BENTON -- Scott County commissioners haven't forgotten the tragic events and attack on the United States, seven years ago, and they want to make sure county employees and residents have not, either.
At Thursday's regular commission meeting, they made plans for a tribute to mark the day. "At 9:11, we are going to have a remembrance of 9-11 on the interior steps," said Jamie Burger, presiding commissioner.
Dennis Lowe, pastor of Unity Baptist Church in Benton, will speak briefly to those in attendance.
"It's for courthouse employees, as well as any other citizens who want to come," said Burger. "We would like to get a good crowd."
Commissioner Dennis Ziegenhorn agreed, saying the service is "something good for us to do. It's something we don't ever want to forget."
Commissioner Ron McCormick added that people are still seeing the effects of the attacks. "We know there's a war going on and there are still aftermaths of that, and we sometimes forget what actually happened that day," he said. "And for the people that were directly affected or killed that day, those families still live with it every day."
In other business on Thursday, commissioners discussed work in progress at the former 911 building in Morley.
"We are going to change that building back over to the Scott County Highway Department that it had been originally," said Burger.
Roughly 1,700 pounds of recycled paper were hauled away Wednesday.
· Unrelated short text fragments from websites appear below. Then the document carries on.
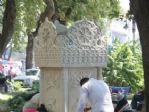 Sıcaktan Bunalan Vatandaşlar Gölgelere Akın Etti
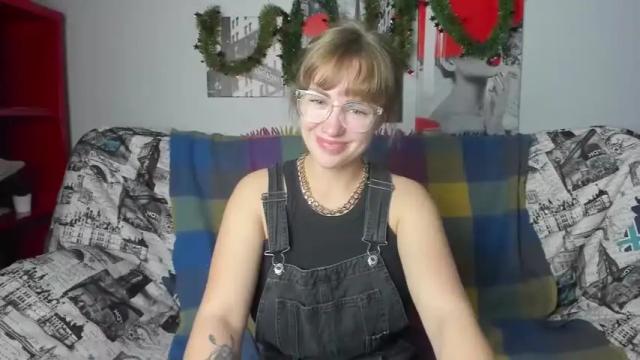Image 12 of fancy__nancy Stream on Chaturbate on 17 months ago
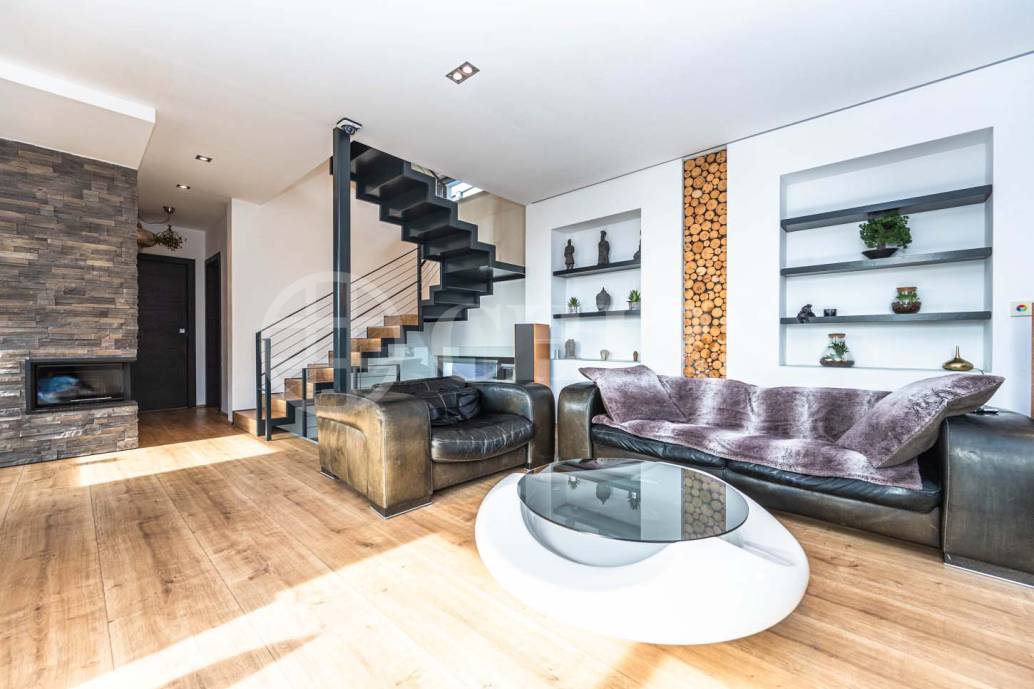 Prodej rodinného domu 5+kk s terasou, dvěma garážemi a zahradou, ul. K Rozvodně 1094/26, Praha 5 - Slivenec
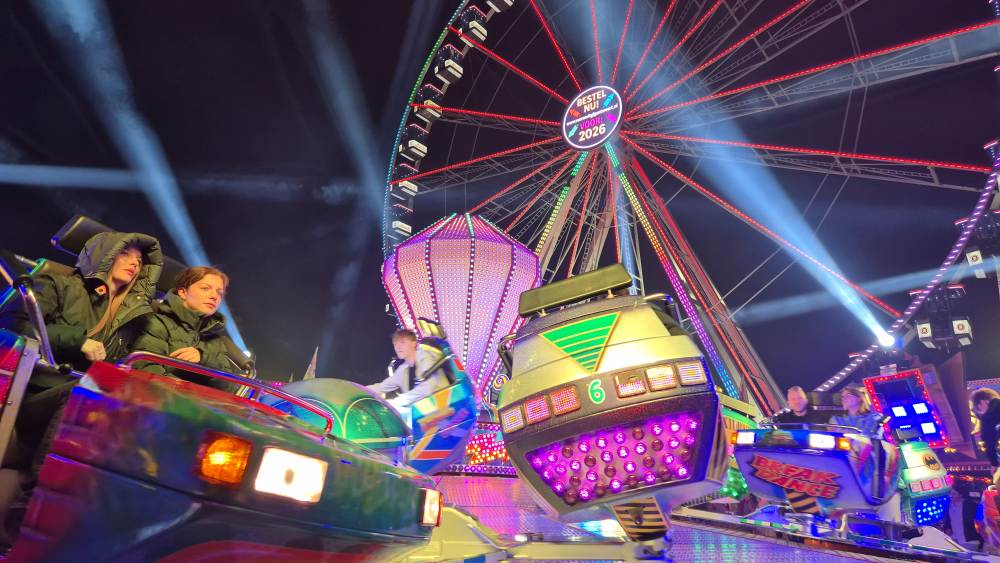 Breakdance en Reuzenrad op kermmisterrein Bassin in 2025. Bekijk deze foto groter.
Work will continue through today to haul off debris, which Burger estimated would fill eight or nine trucks.
Burger noted the current facility in Benton will not be closed. "We'll use (the building in Morley) for seasonal equipment, such as blacktop equipment, that we don't get out of the bays every day," he said.
The added facility will enable the county to store equipment inside that is currently parked outside, due to a lack of space, said Burger.
The work being done, as well as the material hauled off, will be turned in to the Bootheel Solid Waste for reimbursements toward the $10,000 grant the county has been approved for, added McCormick.
"These are expenses that can be credited toward the grant," explained Ziegenhorn. "We can use labor, mileage and the material."
In other news, commissioners approved a bid during Thursday's meeting for a 10-ton air conditioning unit to replace the one that went out in the judicial building.
Presley Sales and Service Inc. in Sikeston placed two bids, one at $5,344 and another, for a cast-iron unit, at $5,795. Other bids came from O'Guin Mechanical Services in Sikeston, at $5,775; and Vaught's Electrical, Heating and A/C in Sikeston placed at bid for $6,920.83. All the bids included installation and removal costs.
Commissioners voted to approve the low bid of $5,344 for the unit from Presley.